Aziz Azghane, soupçonné d’être à la tête de la cellule de Daech en Espagne, a-t-il pu avoir accès à des dizaines de milliers de données personnelles concernant notamment le personnel du groupe Air France ? Face à l’inquiétude d’un syndicat, Altedia France assure avoir une politique très stricte sur le traitement des données.
Le Syndicat des naviguants du groupe Air France tire une sonnette d’alarme. Pour ce syndicat repris en 2013 par un groupe d’hôtesses et de stewarts, l’inquiétude est palpable. À la lecture de la presse britannique, espagnole et marocaine, ils apprennent qu’Aziz Zaghnane, directeur du marketing chez Lee Hecht Harison, filiale espagnole du leader mondial des ressources humaines Addeco, était surveillé depuis près de 4 ans par les services espagnols et britanniques avant d’être arrêté en direct à la télévision le 3 mai dernier par la brigade anti-terroriste de Madrid. Ce quarantenaire passé par Vodafone est réputé pour ses talents professionnels de “chasseur de tête”. Il est également suspecté d’être le chef de la cellule de Daesh en Espagne. Interpellé avec trois suspects, dont deux autres ressortissants marocains, l’homme serait à la tête d’une cellule qui diffusait de la propagande djihadiste sur les réseaux sociaux et par messageries instantanées dans le but de recruter.
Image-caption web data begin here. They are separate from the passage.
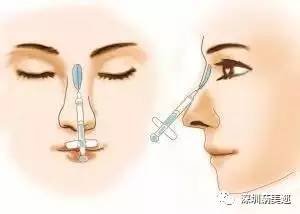 https://img.miyanlife.com/mnt/timg/170802/1I9455U2-4.jpg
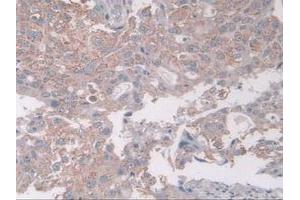IHC-P analysis of Human Breast Cancer Tissue, with DAB staining. (Coxsackie Adenovirus Receptor 抗体  (AA 20-229))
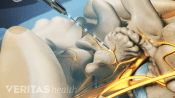 Lumbar radiofrequency neurotomy electrical current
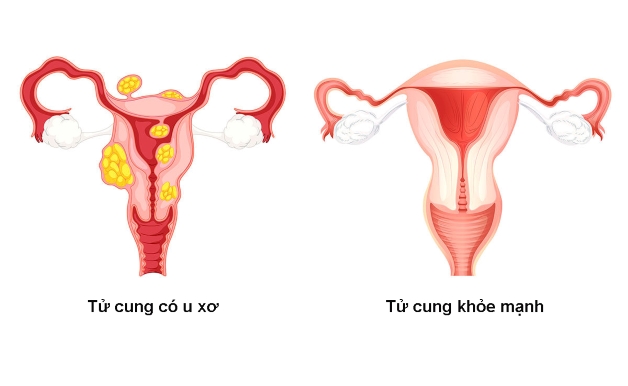 u xơ tử cung là bệnh lý phổ biến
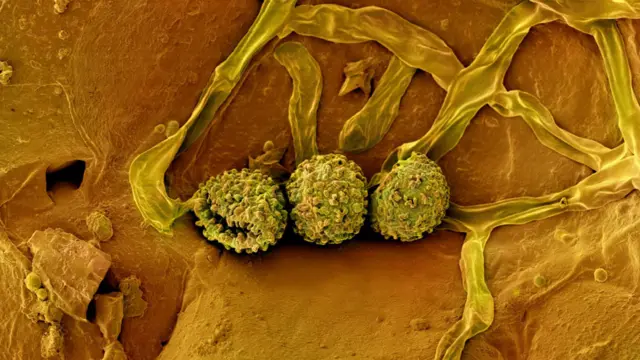 Superficie de una semilla de Coffea humbertii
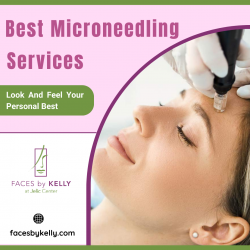 Microneedling Treatment for Your Face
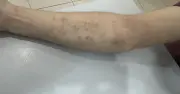 Trị tận gốc viêm da mùa nắng nóng bằng y học toàn diện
Leur interpellation intervient en raison d’un projet d’attentat dans un centre de vacances de la Costa Del Sol, au sud de l’Espagne.
Une base de données protégées par restriction d’accès ?
Dans le cadre de sa fonction chez Lee Hecht Harison Espagne, Aziz Azghane a eu accès à une gigantesque base de données, qu’il aurait pu utiliser à des fins de propagande ou de recrutement pour le compte de l’Etat Islamique. Sur son compte LinkedIn, le cadre supérieur indique s’être rendu en Syrie en décembre dernier pour de l’humanitaire à travers l’association “Syria Relief”. Après son arrestation, la direction du renseignement de la Guardia civil a confisqué le disque dur de son ordinateur. Le syndicat des naviguants du groupe Air France souligne que la base de données de Lee Hecht Harison est aussi celle d’Altedia, filiale d’Addeco, leader mondial des ressources humaines. Cette gigantesque société est celle à laquelle Air France a fait appel pour gérer les prochains plans de départs volontaires du groupe, précisés en février dernier. Les données de près de 30 000 personnels éligibles au plan de départ d’Air France sont hébergées sur une base de données de la filiale d’Addeco Altedia. Le syndicat souligne que Pôle Emploi et l’entreprise pharmaceutique Sanofi utiliseraient aussi les bases de données fournies par le groupe Adecco via sa filiale.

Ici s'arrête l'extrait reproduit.